Cortana’s new, powerful role comes with a new look, too: she has her own armor now, much more form-fitting than MJOLNIR but a lot less naked than before. To me, giving Cortana a more Spartan-like appearance removed the male gaze-y element that had so plagued her earlier appearance. Naked no longer, she is now meant to act, not to be watched. The armor also seemed to symbolize the fact that she didn’t need Chief to fight beside her any more; she was expressing that she felt she was a warrior in her own right.

(A side note: Halo 5 also shows Governor Sloan, an AI who projects himself as a male body just as naked as Cortana’s.)

I do have a few qualms about Cortana’s storyline in Halo 5 as a villain; it’s possible that she has been given so much power only in order to fall.

However, I think it’s unlikely that Cortana will stay a villain for long. Although it does revolve around war stories, Halo isn’t a viciously dark series. Master Chief still cares for Cortana in Halo 5, and she, in a new and twisted way, cares for him. Her story seems more likely to end with redemption than demonization. We’ve seen this storyline play out with Cortana’s doppelgänger before: Doctor Halsey, an enemy of the UNSC in the time between Halo 4 and 5, has now returned to the fold and is helping Palmer, with whom she previously had a prickly relationship, work for the benefit of the joint Sangheili—human military efforts.
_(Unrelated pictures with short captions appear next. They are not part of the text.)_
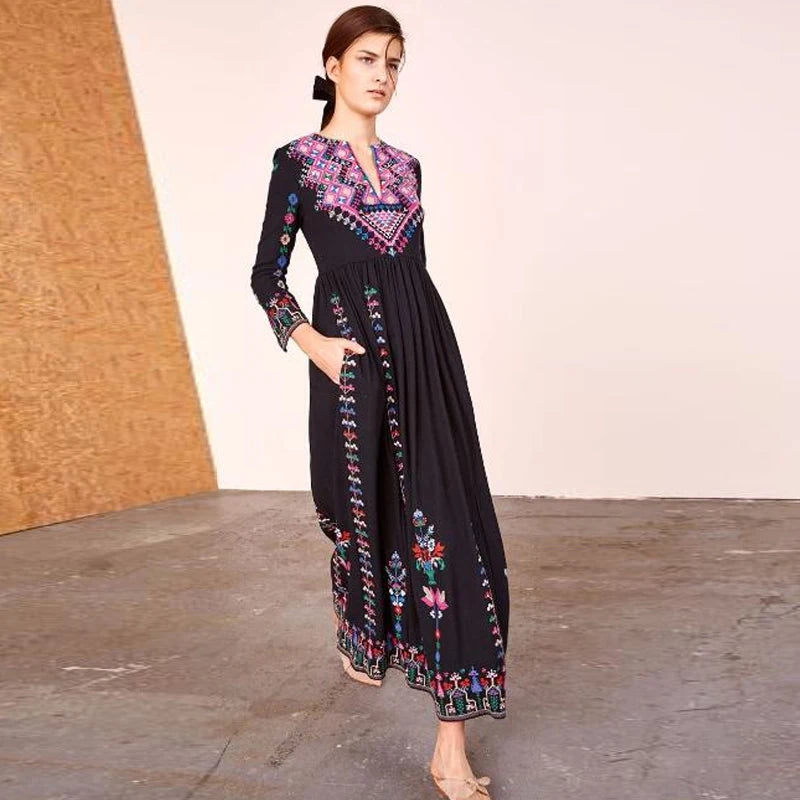 Summer new Bohemian tourist holiday beach dress heavy industry embroidery ethnic wind v-neck dress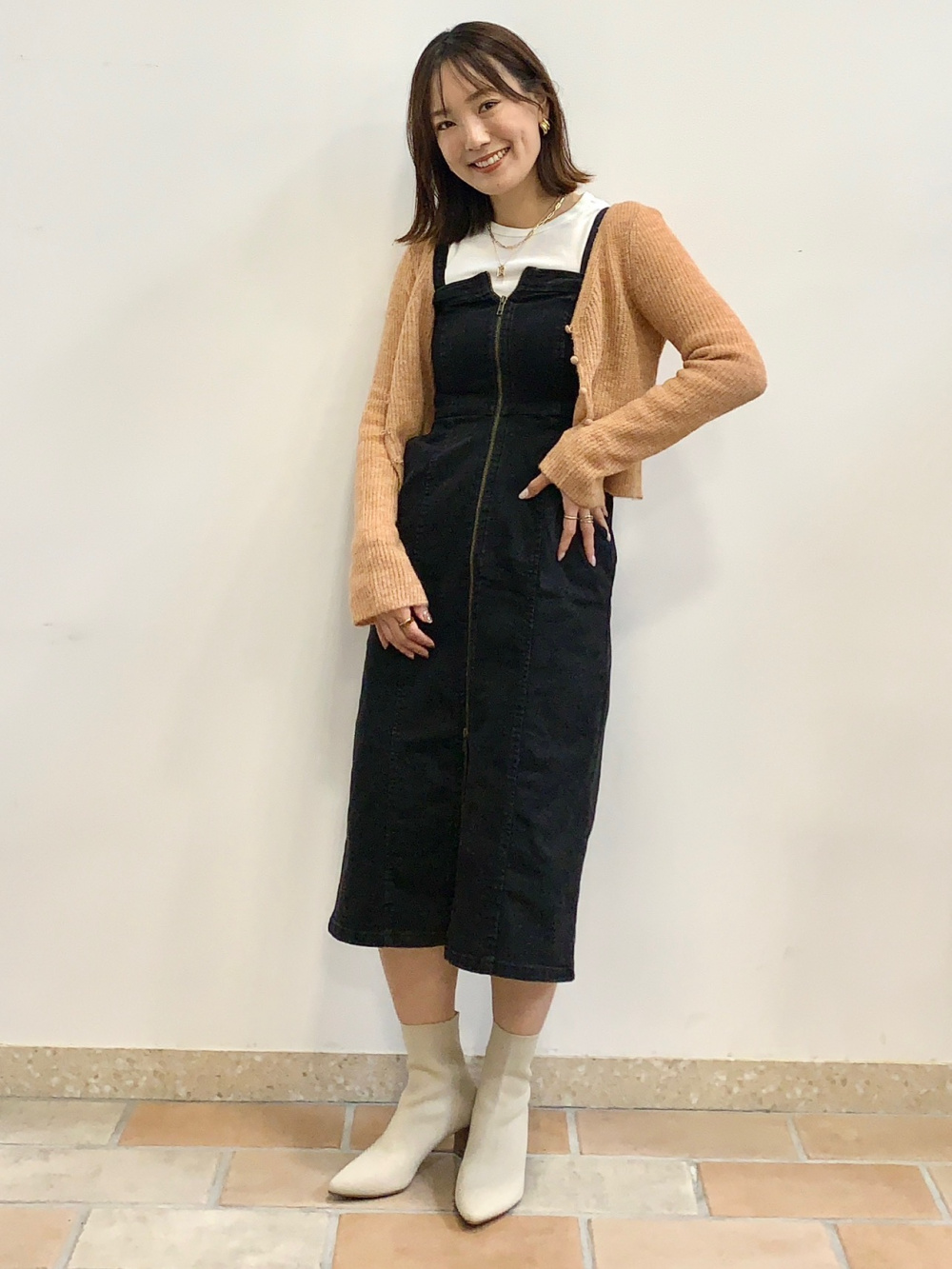 ❁はな Denim Front Zip Dress」| GU的穿搭理念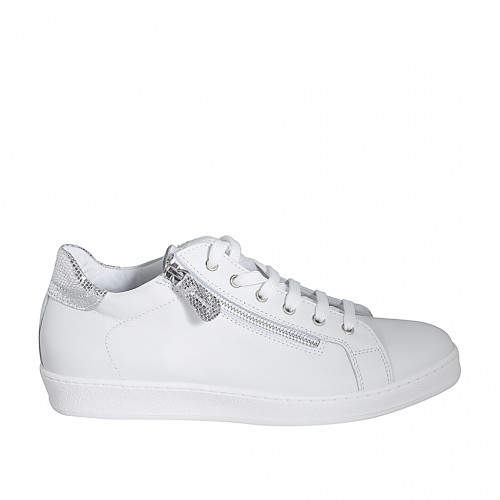 Scarpa stringata da donna con plantare estraibile e cerniera in pelle bianca e laminata argento zeppa 3 - Misure disponibili: 44, 46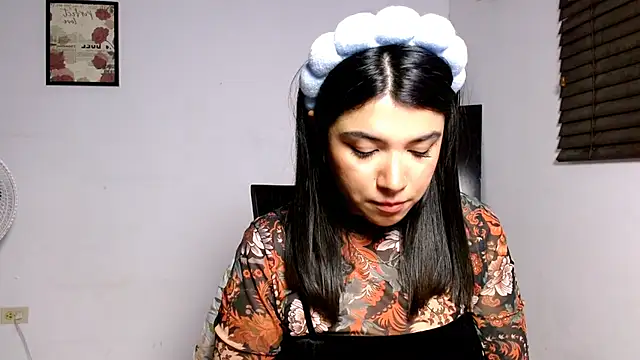 Snapshot of MiaDiamontLatin chatting on 04.22.26 MiaDiamontLatin online show from 04.22.26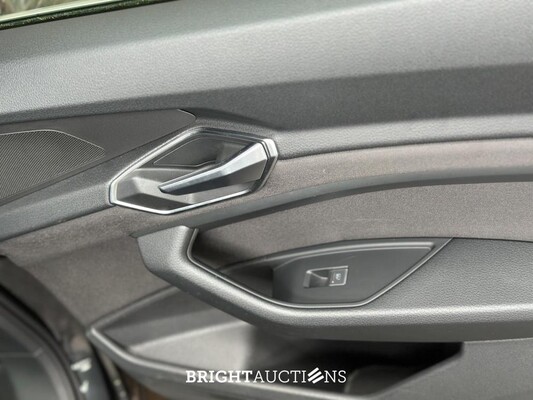 Audi E-tron 50 quattro Business edition 71 kWh 313pk 2020 (Origineel-NL+ 1e eigenaar), J-695-PX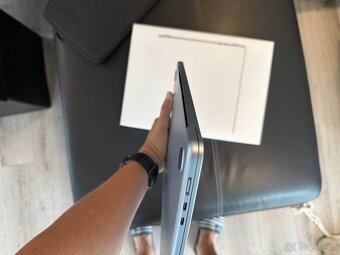 Apple Macbook Air M4 15,3", 16/256GB sky blue, záruka 3/27 - 6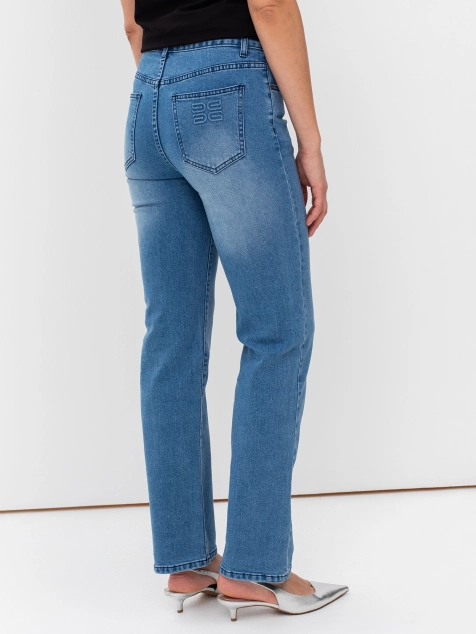 Джинсы прямого силуэта с вышивкой на заднем кармане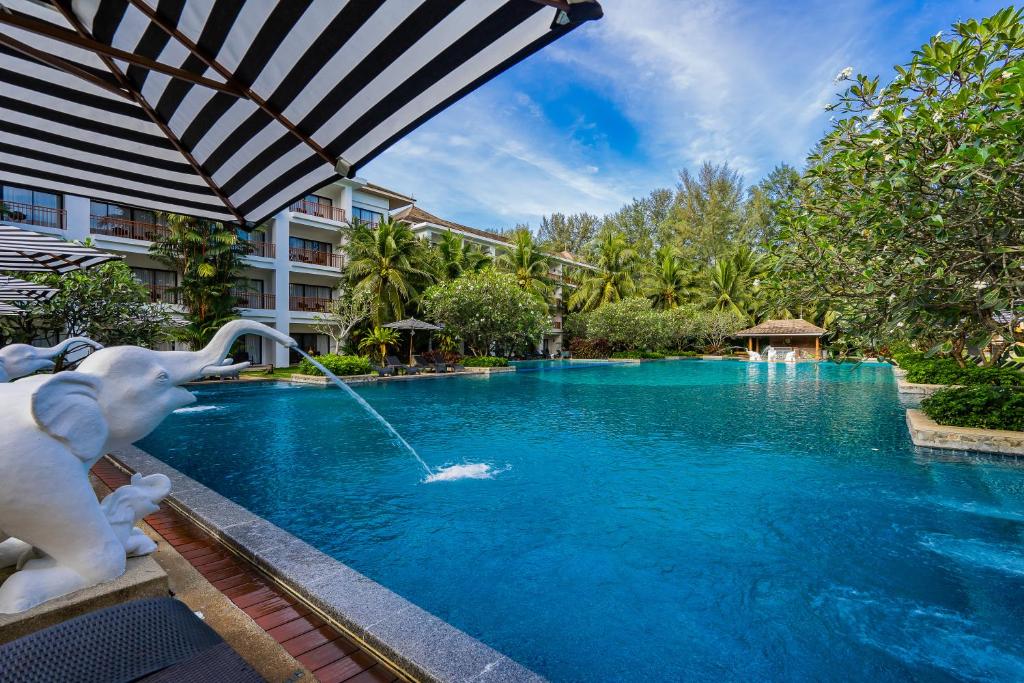 Bazén v ubytování Naithonburi Beach Resort - SHA Extra Plus nebo v jeho okolí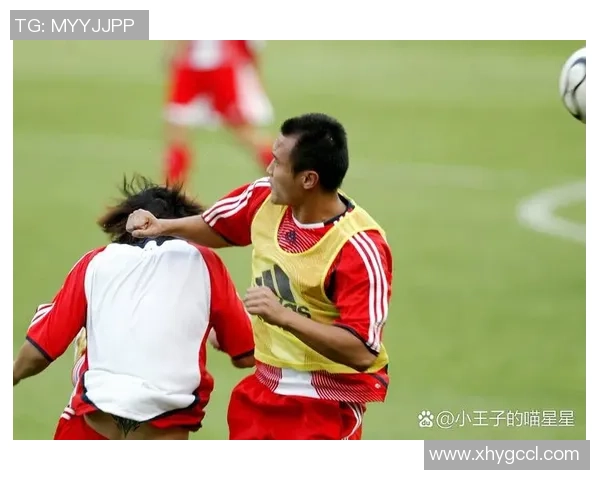 姆萨尼与马赛的精彩对决揭示足球战术的较量与团队精神的碰撞 姆萨尼与马赛的精彩对决揭示足球战术的较量与团队精神的碰撞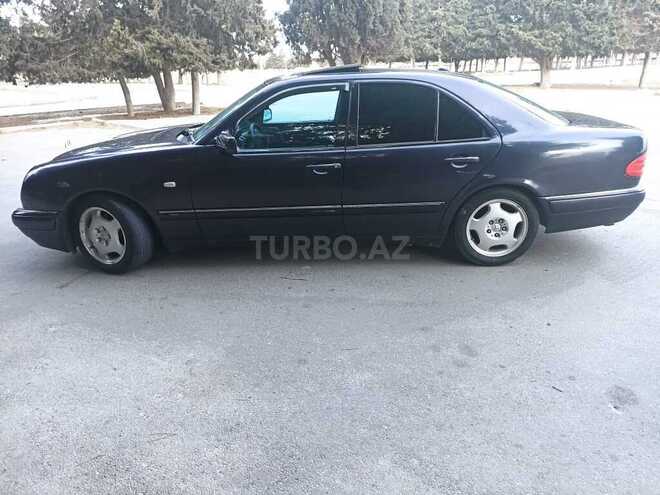 Mercedes E 240 1998, 33,000 km - 2.4 l - Bakı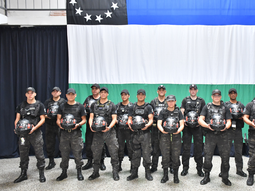 La entrega del nuevo equipamiento se dio en Cipolletti para los integrantes de la BMA. La entrega del nuevo equipamiento se dio en Cipolletti para los integrantes de la BMA.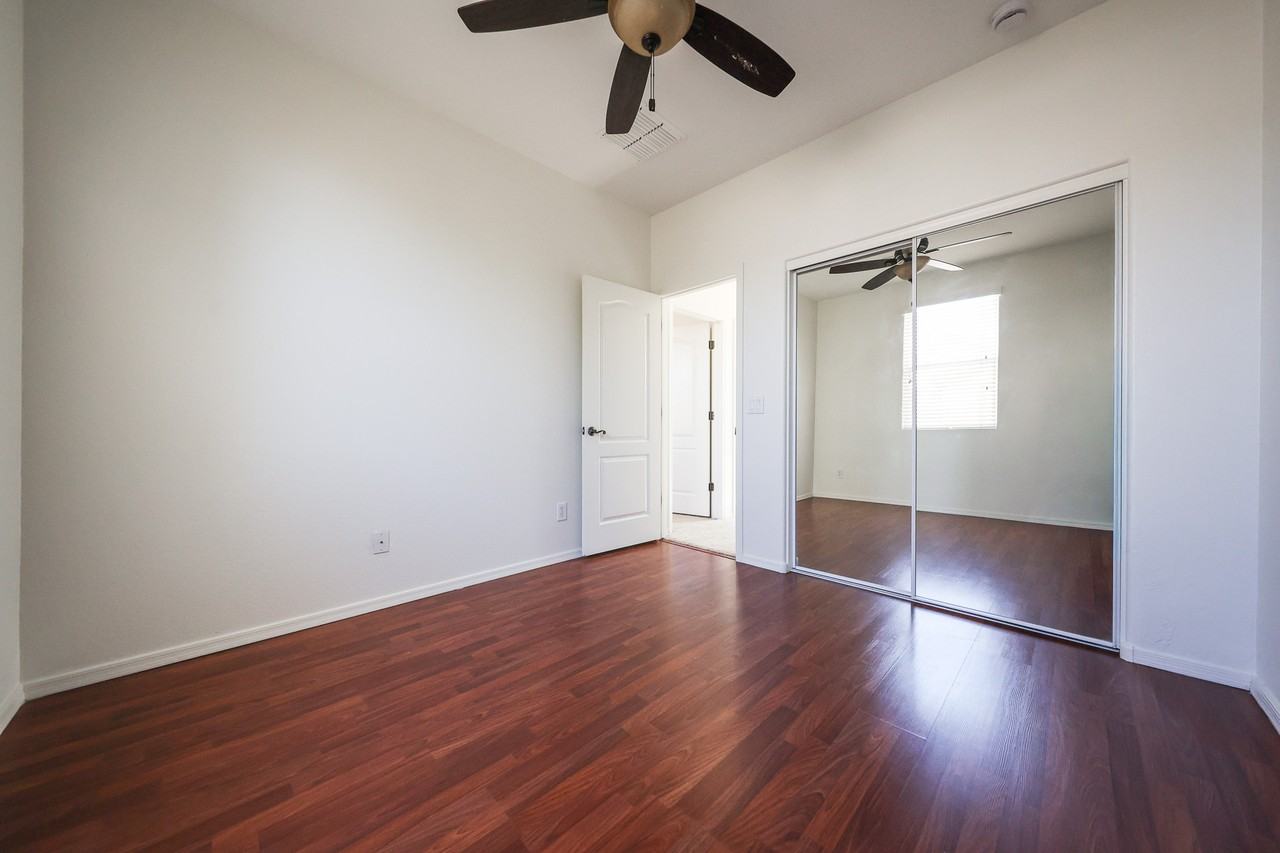 4256 E Tulsa St - Photo 6 of 37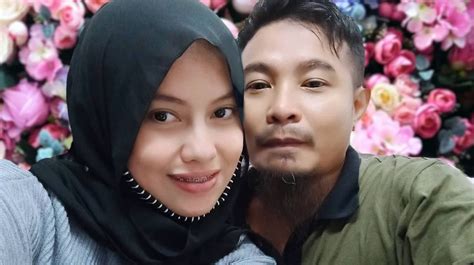 9 Potret Terbaru Istri Zul Zivilia Tetap Bertahan Meski Suami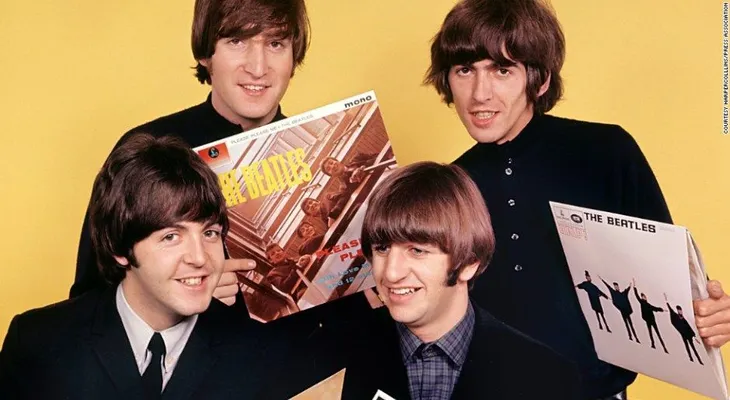 A subasta, un contrato histórico de Los Beatles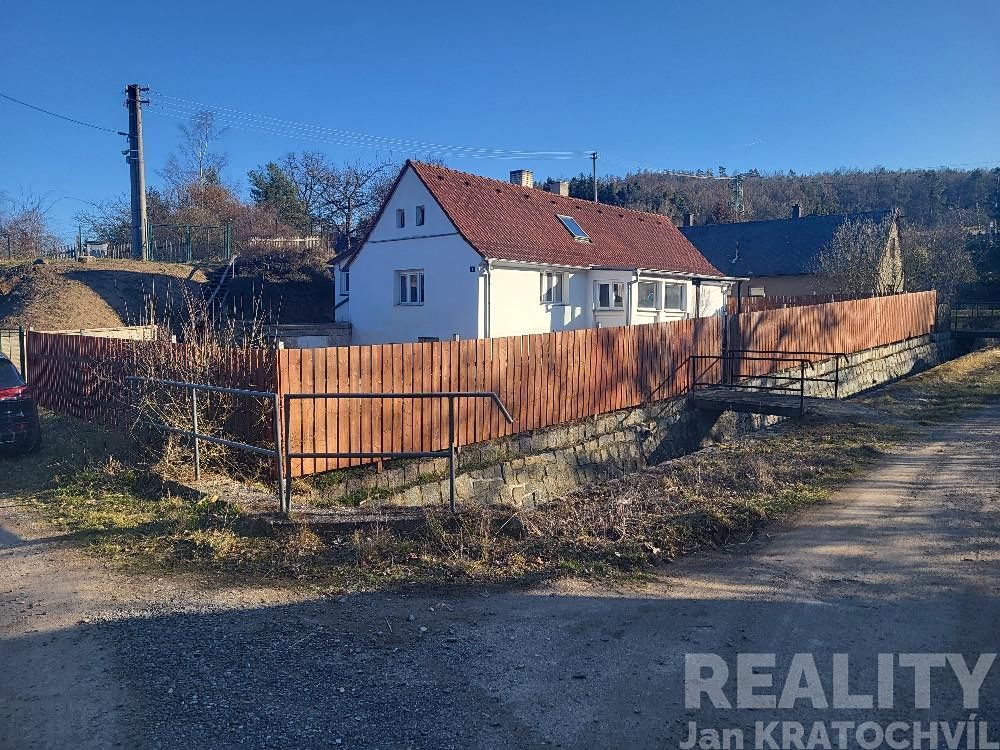 Prodej rodinného domu 130 m², pozemek 569 m² – fotografie 3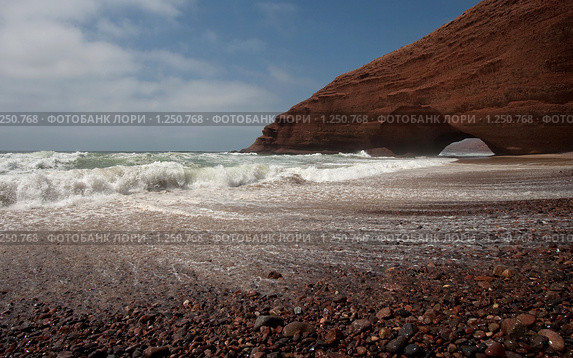 Естественная арка на пляже Легзира, Марокко (2009 год). Стоковое фото, фотограф Ярослава Синицына / Фотобанк Лори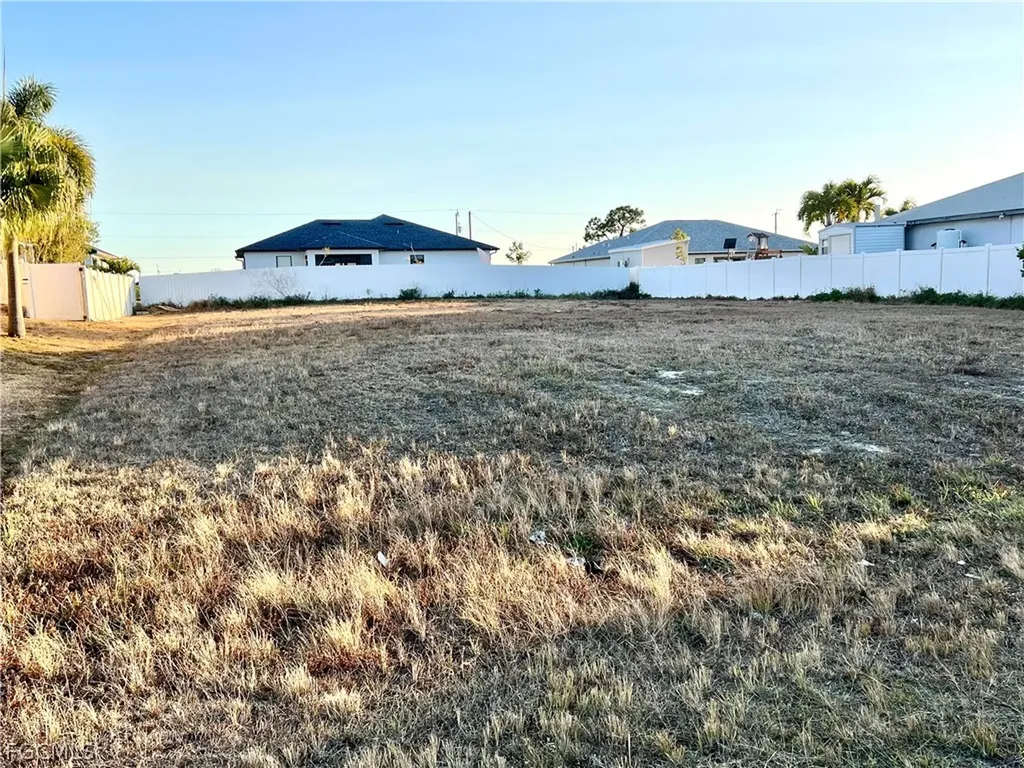 3922 NW 41st Street Cape Coral FL 33993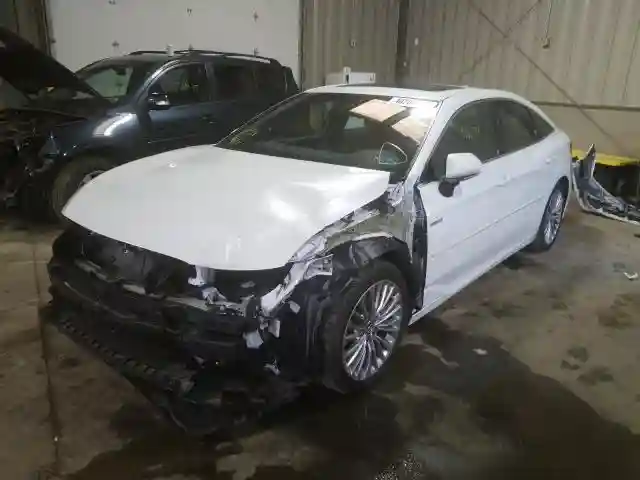 4T1B21FB9KU011152 2019 TOYOTA AVALON XLE-1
Cortana’s relationship with Chief has actually not been damaged nearly as badly as it could have been: it’s just a lot less healthy now, with Cortana wanting to lock Chief away for thousands of years in order to wake him after she builds her new world order.

She still cares deeply for him and almost cries during their first meeting in Halo 5. However, the worst move the story could have made at that juncture would have been for Cortana to have given up on her plan in the Domain because Chief wanted her to. She has power now, and she uses it, becoming a force the likes of which the Halo universe has never seen. When the Guardian rose up in front of the Infinity and Cortana projected herself onto the bridge, I got chills because of how completely she was in control.

Cortana took her life in her own grasp, forcing both Master Chief, his team, and the Forerunner construct Warden Eternal to do her bidding. It isn’t just important for a character to be empowering; they need to grow and change, too. With her turn as the vengeful voice of the Domain, Cortana does both at the same, glorious time.